When you fall behind in your blogging perhaps all you can do is spring forward with a big list of books. My goodness did I fall behind in my blogging. A combination of writer’s block, a nasty bought of insomnia and overall laziness put me way behind the eight ball. The end result is I’m having to do one of those dreaded catch-up posts I keep telling myself is just another preview post that I hope will inspire me to get back to blogging.
While my recent lack of blogging prowess is certainly bad news. The good news is even though my reading took a hit thanks to the insomnia (tired and zombie-like during the day, there’s nothing like taking 10 minutes to read one page of text) I still managed to read some quality books, both fiction and nonfiction. Of the six books featured below, two and possibly three stand a good chance of making my end of the year Best Nonfiction while two more are strong contenders for my Best Fiction category.
Enough talk, on to the catch-up list:
- The Great Gamble: The Soviet War in Afghanistan by Gregory Feifer – If this title looks familiar it’s because I mentioned it last July in my Books I’ve Desperately Wanted to Read post.
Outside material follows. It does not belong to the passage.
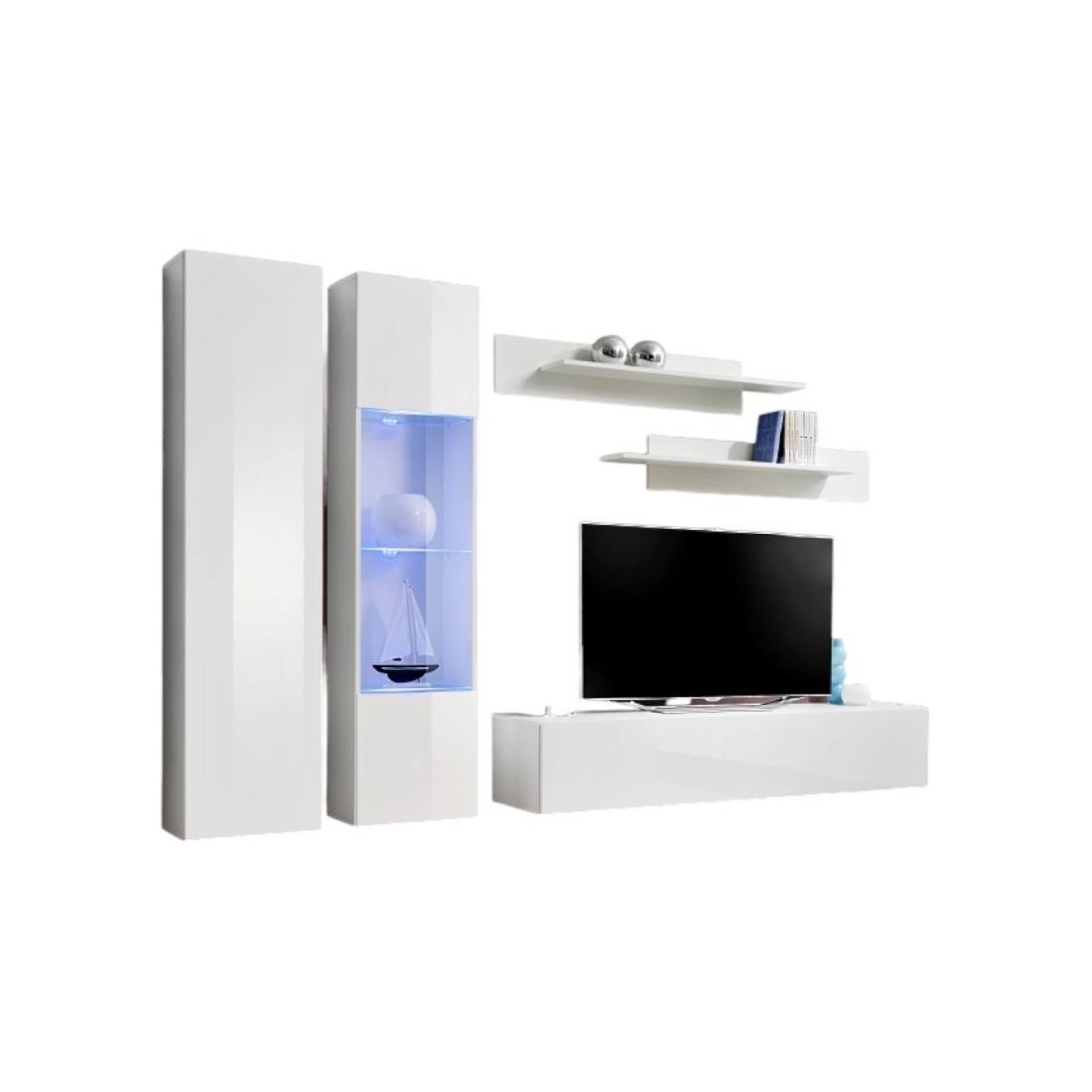 Meuble TV FLY A5 design, coloris blanc brillant + LED. Meuble suspendu moderne et tendance pour votre salon.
Took me close to eight years to get around to reading Feifer’s 2009 book but in the end I was not disappointed.
- Paris 1919: Six Months That Changed the World by Margaret MacMillan – Another book featured in the above-mentioned post. Finally, after many fits and starts I was able to track down an available library copy. An outstanding book!
- Weapons of Math Destruction: How Big Data Increases Inequality and Threatens Democracy by Cathy O’ Neil – After hearing all kinds of buzz about this one my book club took a chance on it. Bad enough to be poor and powerless in America. Sucks when Big Data wants to keep it that way.
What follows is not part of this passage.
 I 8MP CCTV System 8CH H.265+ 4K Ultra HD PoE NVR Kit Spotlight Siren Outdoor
- The Golem and the Jinni by Helene Wecker – I read this 2013 novel for yet another of my book clubs. Combining Jewish mythology with that of pre-Islamic Middle East, Wecker’s novel is an enjoyable blend of fantasy, history, love and revenge.
- Trieste by Dasa Drndic – Grabbed this one because it’s set during World War II and I could apply it towards the European Reading Challenge. Overall, kind of an odd book and I’m not sure what to make of it.
- The Paying Guests by Sarah Waters – For the last few years I’ve been wanting to read this 2014 historical novel after hearing Maureen Corrigan rave about it on NPR’s Fresh Air. After a well-read co-worker also sang its praises I knew I was on to something.